Re: North Korea pre-empts sanctions
Well, let them have at it. There is nothing that can be done to change lil kims paranoid mind. The South Koreans have been laboring under the delusion that their “Sunshine” policy can breed warmth and friendship between the north and south. OOOpps. Here is a pretty good editorial from the Chosen Ilbo:
** South Korea’s Survival Strategy After the Nuclear Test
**
North Korea carried out a nuclear test. It closed its ears to the international community’s warning that the day after the test will see a “very different world.” At 10:35 am, Oct. 9, an artificial tremor from an underground nuclear test at Musudan-ri, Hwadae County, North Hamgyeong Province, North Korea was detected, the bridge linking North Korea with the world community was broken. The chance for the one-to-one negotiation with the U.S. the North was so desperate to get, has vanished completely. The path that could have led to an acknowledgement of the North Korean government by the international community along with normal status and economic aid from it, is now helplessly obscured. Twenty-three million North Koreans have to continue a long march of hardship and starvation.
South Korea, too, is driven into “a very different world.” From now on, the South has to confront nuclear-armed North Korea with conventional military might. South Korea is naked and helpless before the North’s nuclear weapons. What can protect South Korea from the North’s nuclear threat is only the nuclear umbrella of our ally the U.S. It is the flag of independence and the slogan of “one nation” this government has persistently waved and shouted in the past three-and-a-half years that have brought us to this pass.
But South Korea’s only ally, the U.S., is no longer the ally it once was. Under this administration, the chains of the alliance have rusted and its walls cracked. Will the government continue to push through with independent exercise of operational control over our forces even in this situation because the president said, “Our sole exercise of wartime operational control has nothing to do with North Korea’s nuclear test?” Will the administration thereby let the country and its people with no adequate protection clash with North Korean nuclear weapons? The administration must make a decision.
Northeast Asia, too, faces “a very different world.” That North Korea has nuclear devices will bring rearmament in Japan. Japan’s rearmament will cause China to boost its defenses. And so on. In order for the whole region not to become an explosive warehouse, the international community must remove the detonator, North Korea’s nuclear weapons. It is in this sense that Washington said it cannot live with a nuclear-armed North Korea under the same sky. The UN Security Council will initiate sanctions against Pyongyang under Charter 7 of the UN Charter, permitting military action. Pressure against the North will continue until it takes its hands off nuclear weapons completely or the North Korean regime falls. The North’s survival strategy relying on nuclear weapons is, in fact, an act of suicide. The problem is whether the North Korean regime intends to drag South Korea along as a partner in its demise.

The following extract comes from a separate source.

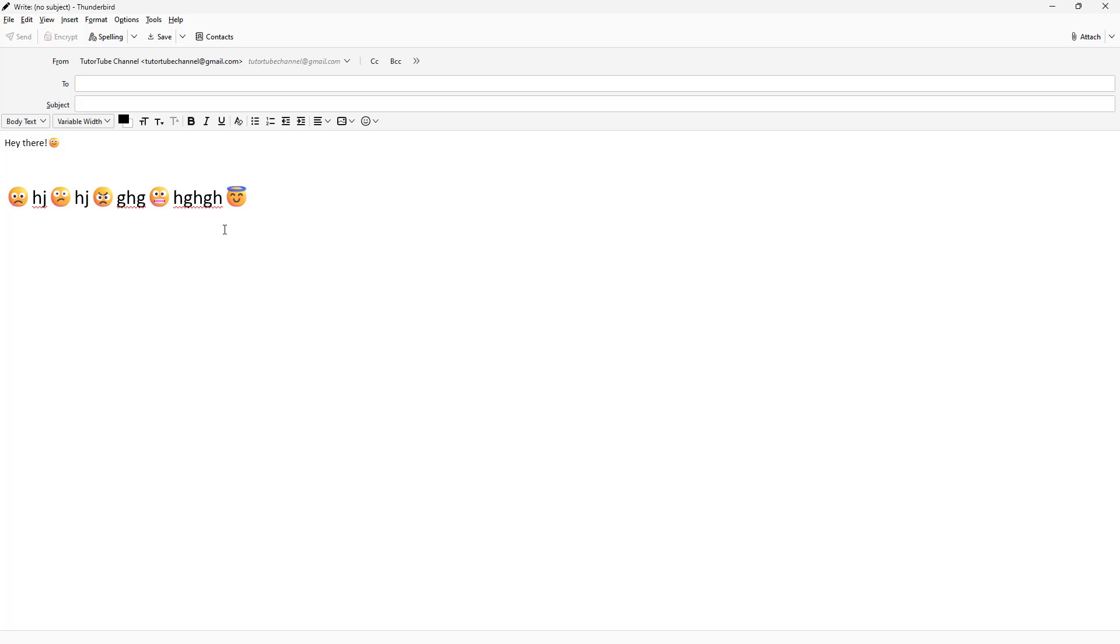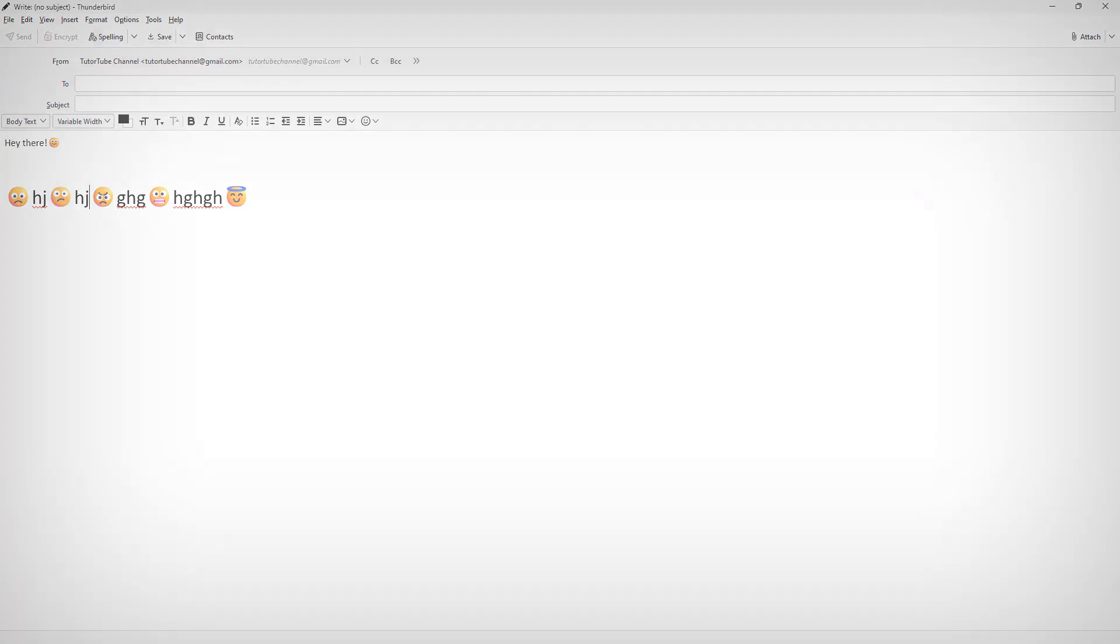So that is how you can utilize emojis in emails using Thunderbird. I hope you guys learned something, and as always, please like, comment, share, and subscribe.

For eight years since the Kim Dae-jung administration assumed office, South Korea has hung on only to the Sunshine Policy, which two successive administrations claimed to be the only way to let North Korea abandon its nuclear program. The president said in November, “North Korea will give up nuclear weapons because it needs world aid for its economic development. The North’s strategy to induce international community support by using nuclear devices has a reason.” He anticipated the North would fire not missiles, but an artificial satellite. The president and his associates were either ignorant of the essence of the North Korean regime or saw a phantom, shrouded by the “ideology of self-reliance.” As a consequence, the death or life of the entire 70 million compatriots is pushed into a nuclear valley.
Standing away from the international community’s joint posture toward Pyongyang, this administration insisted to the end on resolving the North Korean nuclear standoff through a “comprehensive approach” under Seoul’s leadership. But North Korea didn’t pay any attention to it. While this administration wandered alone in search of an infeasible goal, the North prepared a nuclear test. Had South Korea sent a clear message in unison with the international community to the North, “Nuclear possession is a road to death” even once, we wouldn’t feel so vain.